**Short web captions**
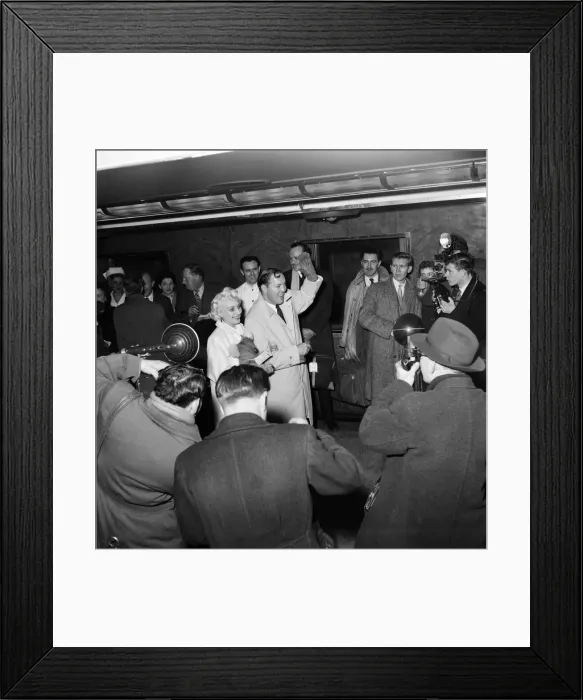 Framed Print : Bill Haley on his first visit to England which was largely sponsored by the Daily Mirror Framed Print : Bill Haley on his first visit to England which was largely sponsored by the Daily Mirror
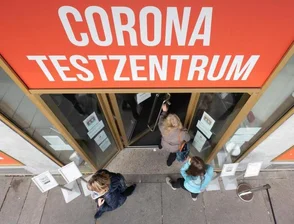 Laut Regierungskreisen will das Bundesgesundheitsministerium allen Bürgern ab kommender Woche einen kostenlosen Corona-Schnelltest pro Woche anbieten.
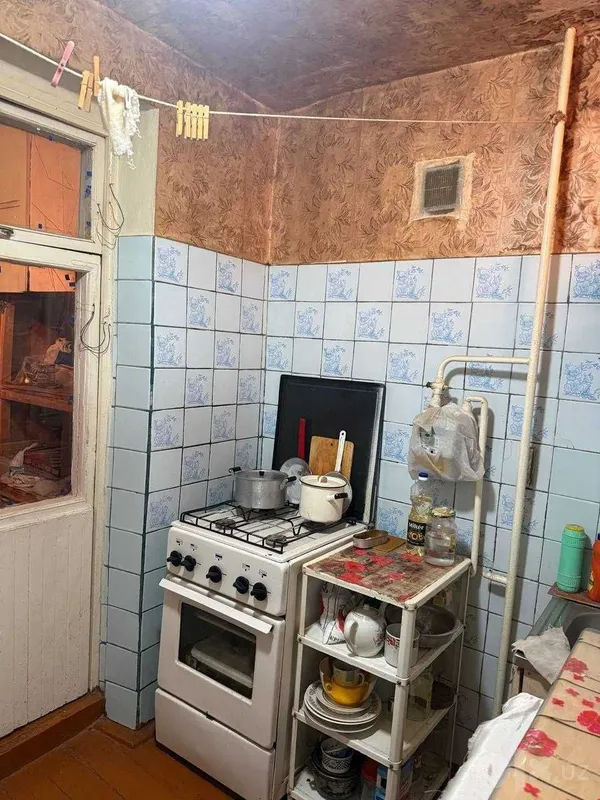 Ангрен, 5/1 А. 5 этажный кирпичный дом, 4 этаж, ориентир Фреш 8 Ангрен, 5/1 А. 5 этажный кирпичный дом, 4 этаж, ориентир Фреш 8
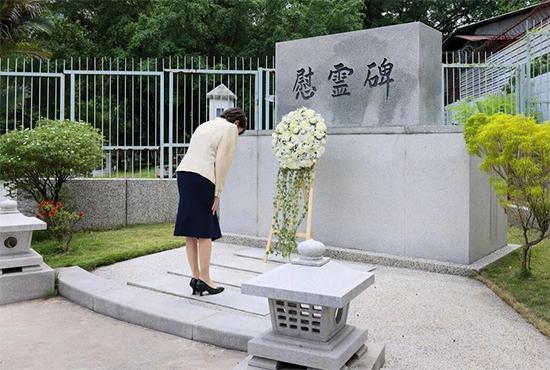 高市早苗的两手准备。一手是中国知难而退了，高市早苗赢了，有很高的支持率，她继续当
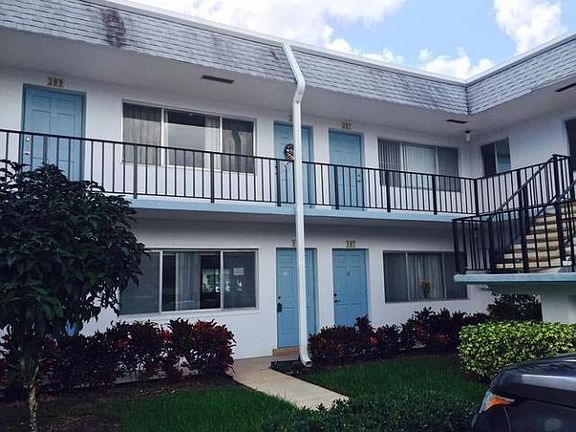 3rd image of 2880 Lake Osborne Dr APT 108
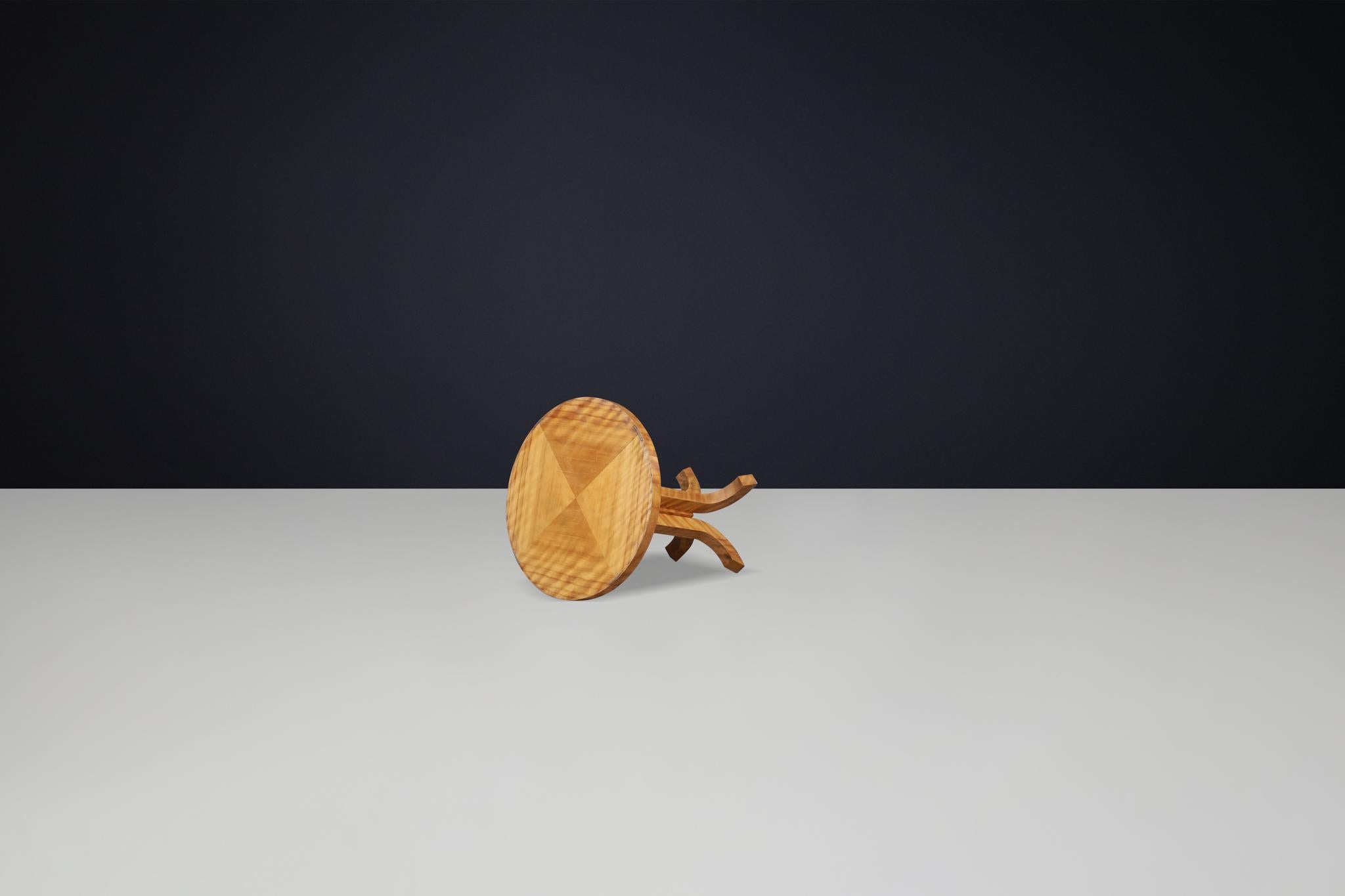 Mid-20th Century Elegant Art Deco Round Side Table in Birch,  Prague 1930s For Sale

**ACTIVITY**
Every line above should be duplicated exactly; the pictures are to be left out.

**OUTPUT OF THE EXERCISE**
 Framed Print : Bill Haley on his first visit to England which was largely sponsored by the Daily Mirror Framed Print : Bill Haley on his first visit to England which was largely sponsored by the Daily Mirror
 Laut Regierungskreisen will das Bundesgesundheitsministerium allen Bürgern ab kommender Woche einen kostenlosen Corona-Schnelltest pro Woche anbieten.
 Ангрен, 5/1 А. 5 этажный кирпичный дом, 4 этаж, ориентир Фреш 8 Ангрен, 5/1 А. 5 этажный кирпичный дом, 4 этаж, ориентир Фреш 8
 高市早苗的两手准备。一手是中国知难而退了，高市早苗赢了，有很高的支持率，她继续当
 3rd image of 2880 Lake Osborne Dr APT 108
 Mid-20th Century Elegant Art Deco Round Side Table in Birch,  Prague 1930s For Sale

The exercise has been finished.